Is the disruption in healthcare that we think is going on, have been told is going on, make assumptions on, not really on? This is the contrarian argument posited by Dan Munro:
- Training of doctors, supply and demand is as it was. Training of US doctors is expensive, and doctors tend to go to the better paid specialties in order to pay down education debt faster. And patient demand for acute procedures will always outstrip doctor supply.
- Squeezing down the small stuff doesn’t radically impact demand. In the US we have been pounding down insurers (6 percent) and low-acuity/primary care, but ignoring the heavy spend on hospitals (31 percent) and clinical services (20 percent). Are the big slices of the pie resistant or too controversial to cut?
- Startups aren’t a good source of disruption. Now this will have the D3H crowd reaching for the Maalox, but healthcare hasn’t hit the equivalent of an Apple, Microsoft or Google yet. Munro’s article of faith here is that the profit motive has to be taken out of it in the long development cycle (government research seems to be ideal) but the money comes from somewhere. Every taxpayer a VC? Oh yes, practically all startups and early-stage ‘disrupters’ are still running on OPM (other people’s money) but at least (largely) that is private.

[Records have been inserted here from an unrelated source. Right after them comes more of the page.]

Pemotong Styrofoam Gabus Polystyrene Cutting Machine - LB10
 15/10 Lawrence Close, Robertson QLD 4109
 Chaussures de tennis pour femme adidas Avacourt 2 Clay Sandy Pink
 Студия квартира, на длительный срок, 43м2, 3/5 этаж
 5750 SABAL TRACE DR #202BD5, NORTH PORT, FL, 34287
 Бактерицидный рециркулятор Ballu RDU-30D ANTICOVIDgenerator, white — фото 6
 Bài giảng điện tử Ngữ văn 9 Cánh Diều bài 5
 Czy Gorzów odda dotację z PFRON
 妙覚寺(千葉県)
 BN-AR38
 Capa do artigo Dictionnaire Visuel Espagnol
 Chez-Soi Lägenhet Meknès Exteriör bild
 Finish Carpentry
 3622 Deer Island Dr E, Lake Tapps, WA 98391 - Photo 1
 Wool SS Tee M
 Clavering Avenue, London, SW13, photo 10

- The system is performing as designed. Technology helps but it’s a patch on the flawed system.
His conclusion is that the disruption won’t come from the bottom or the sides, or even from Sand Hill Road (Menlo Park California, where the biggest VC whales spout) but from K Street (the street in Washington, DC where the government lobbyists lounge). Certainly to be debated. The Big Disruption That Isn’t Happening In Healthcare (Forbes)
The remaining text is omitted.